4) A day full of hope with BRACE
Since I came into the health and social care world on a professional level, I have attended a lot of conferences. Truth be told, I have become increasingly fatigued with the endless regurgitation of information that these events produce. For me it has become an issue where we need quality to triumph over quantity. The lives and futures of people with dementia and their families are too important for progress in how we inform and educate to be so achingly slow and uninspiring.
With that in mind, easily my favourite conference of 2014 was BRACE ‘Dementia: Hope for the future’. BRACE hold a very special place in my heart. They gave me my first ever speaking engagements in September 2012, invited me to be part of their Question Time panel in 2013 and subsequently made me an Ambassador. Being involved in the planning and delivery of ‘Dementia: Hope for the future’ was another highlight in our on-going relationship.
This ‘mini conference’ had a strong local focus and offered lots of practical information and advice. It also covered national and international issues. All the major areas of dementia care were represented – Dr Peter Bagshaw covered primary care from the point of view of a GP, social care was represented by Mike Hennessey who is a director at Bristol City Council, secondary care and research was covered by Dr Liz Coulthard who is a cognitive neurologist, consultant senior lecturer and clinical research team lead, and most significantly of all, the views of two people living with dementia – Chris Roberts and Hilary Doxford – and carers present and past – Chris’ wife Jayne, Tony Hall and myself – were present throughout the day.

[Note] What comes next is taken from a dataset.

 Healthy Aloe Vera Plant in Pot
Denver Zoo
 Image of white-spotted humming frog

The fantastic feedback proved that this event inspired and influenced the people who attended, and I’m certain that they took away many actionable, positive messages and signposts for their professional and/or personal lives. Other conference organisers please take note! And a little heads up for 2015: there will be another BRACE event, so keep your eye on the BRACE website in the coming months.
5) Training GP’s
It was way back in 2012 that the idea of me offering training to health and social care professionals was first muted. 2014 saw my first foray into that area as I undertook a GP training session for the first time.

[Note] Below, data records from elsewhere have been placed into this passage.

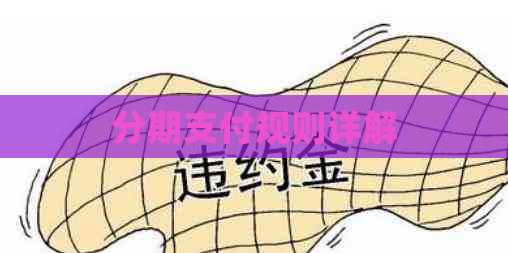 分期支付规则详解
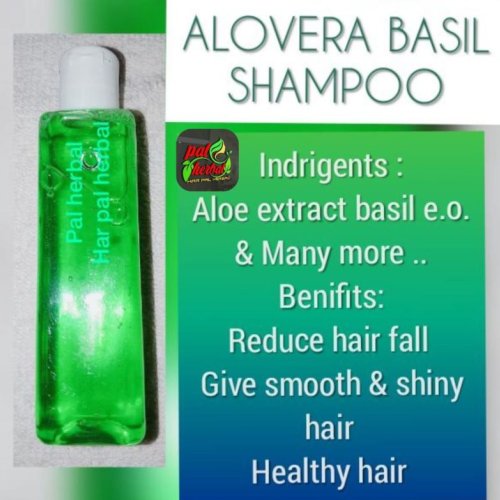 Herbal Aloe And Basil Shampoo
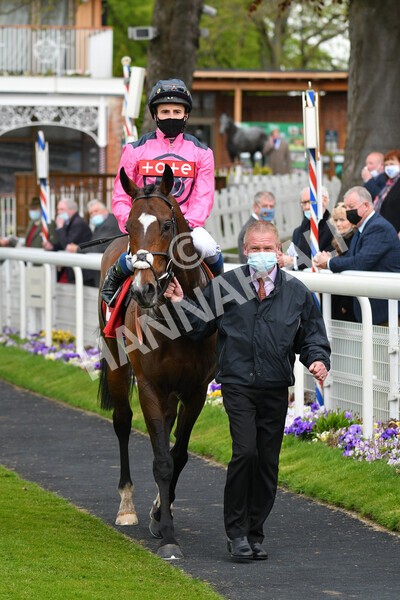 yr14052021r4-39 - Race 4 3.10pm The Matchbook Yorkshire Cup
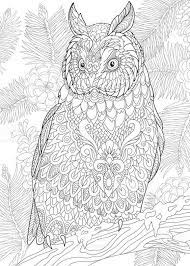 Mandala Zum Ausmalen Eule Novocom Top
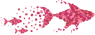 Pink Fishes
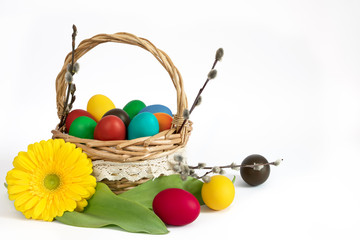 Basket with easter eggs and catkins and gerbera   on white background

I have come to realise that from a professional point of view nothing gives me greater pleasure or pride than being able to make a difference to frontline practice in a practical and personal way. Drawing on my own experiences with my dad, and the experiences of the countless other people who are living with dementia and their families whom I have been privileged to meet, can have a really powerful and positive impact on any audience, including seasoned professionals like my group of GP’s.
For 2015 I hope to grow this side of my work, in both health and social care, with my number one aim being, as it was when I began D4Dementia, to make a real and lasting difference to the lives of people who are living with dementia and their families.
I could add many more highlights, but I will end by thanking each and every one of my readers, social media supporters, colleagues and friends who have made 2014 another very special year for me.
This will be my last D4Dementia blog post for 2014. I’m taking an extended Christmas break to spend time with family, but rest assured that D4Dementia will return in 2015. The first D4Dementia blog of the New Year will be published on 19 January 2015.
Until then I wish you all a very happy Christmas.